Several of you were kind enough to inquire whether I had retired, since I did not post for three weeks. In fact, I was simply taking my summer vacation seriously. Adria and I have for many years spent a few weeks every August in New Hampshire’s White Mountains. We used to do a lot of hiking and climbing, but now, well, we walk, swim, and read.

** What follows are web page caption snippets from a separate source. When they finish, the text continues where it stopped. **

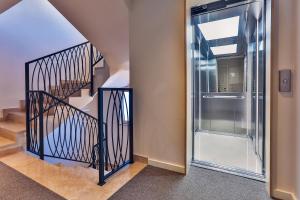 a hallway with a staircase and a glass door at Hotel Bono in Budva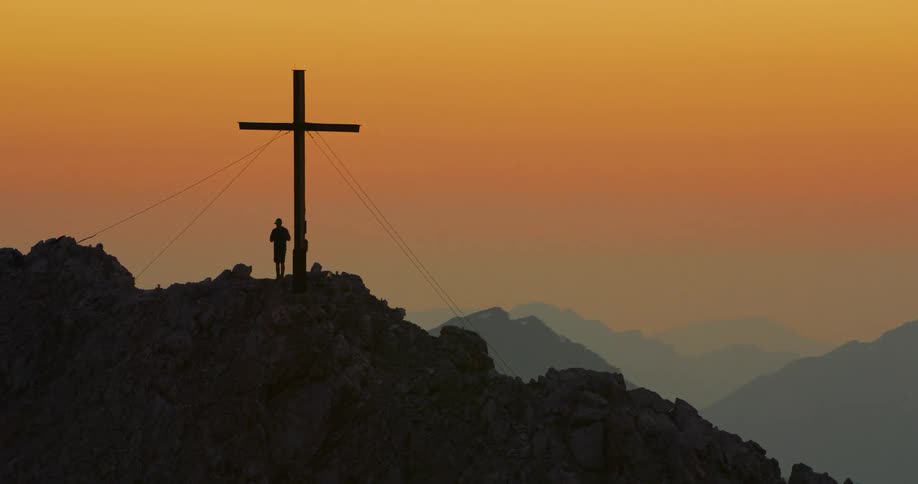 Person next to the cross on top of a mountain at the end of the day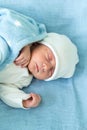 Newborn Baby Red Cute Face Portrait Early Days Sleeping In Medical Glass Bed On Blue Background. Child At Start Minutes Royalty Free Stock Photo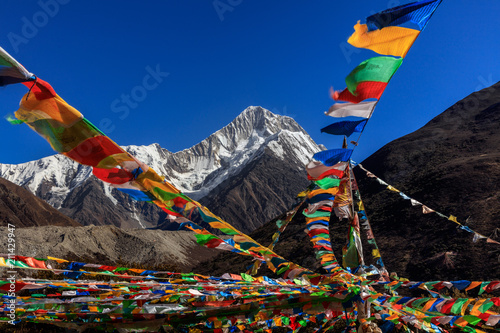 Mount Gongga (also known as Minya Konka) - Gongga Shan in Sichuan Province, China. Tibetan Prayer Flags with Sacred Snow Mountain in the background. Himalayas, Highest Mountain in Sichuan Province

This summer I had already finished the article I was writing (“nearly finished” might be more accurate), and I decided to devote my vacation to reading several books I could not get to during the term. In no particular order, here’s what I read:
I have long been a fan of mountain climbing books, and I thoroughly enjoyed the mammoth and splendid Fallen Giants by Maurice Isserman and Stewart Weaver — a comprehensive history of Himalayan climbing, wonderfully well-written. I have been systematically reading the recent books on the Iraq and Afghanistan wars, and I surprised myself by staying with By His Own Rules, Bradley Graham’s (similarly mammoth) account of Donald Rumsfeld’s career. I also finally got around to reading the brilliant Rise of the Vulcans, James Mann’s depressing analysis of the impact of the Neocons on Bush defense policy. Less relevant (but not irrelevant) to current military affairs, I read the excellent account of Gallipoli by Robin Prior, and the simply superb biography of Samuel Champlain, Champlain’s Dream, by David Hackett Fischer (Katz Prize for Best Book of the Summer).
I also read a fine new book by Kip Kosek entitled Acts of Conscience, a thoughtful history of the development of Christian political pacifism in the early 20th-century United States. Kosek had been in touch with me about my wife’s grandfather, Rev. John Haynes Holmes, one of the key figures in the movement and perhaps the person most responsible for introducing Gandhian ideas to this country. I also finally found time to read a splendid academic autobiography, Doors Open, by my English friend Barry Supple, a distinguished economic historian and academic/philanthropic administrator.
I don’t read many novels during the school year, so I indulge myself during the summer. The best of these, one I had meant to read long ago, was Jeffrey Eugenides’ Middlesex, a brilliantly written fictional narrative. I also enjoyed Nicole Mones’ The Last Chinese Chef, suggested to me by Anne Kenney of Cornell — although it made me very hungry throughout. I try to keep up with the novels by Jonathan Rabb, the son of my colleague Ted — the latest, a mystery set in pre-World War II Berlin, is called Shadow and Light. Not Jonathan’s best, but quite good. And I always enjoy the mysteries of Martin Cruz Smith, so I was happy to pick up Havana Bay in the Tamworth Town Library — a great read that brought me back to one of my favorite cities. I tried to read the latest Robert Hellenga (The Italian Lover), since I had enjoyed his earlier novels so much, but this one struck me as being a rather lame reprise to his fine The Sixteen Pleasures. Finally, I am now reading a wonderful reprise, David Guterson’s Other, which takes me back to Snow Falling on Cedars.
Now I am happily back to writing the first fall letters of recommendation, and preparing my two undergraduate classes for this fall. I hope your reading was as pleasurable — give or take!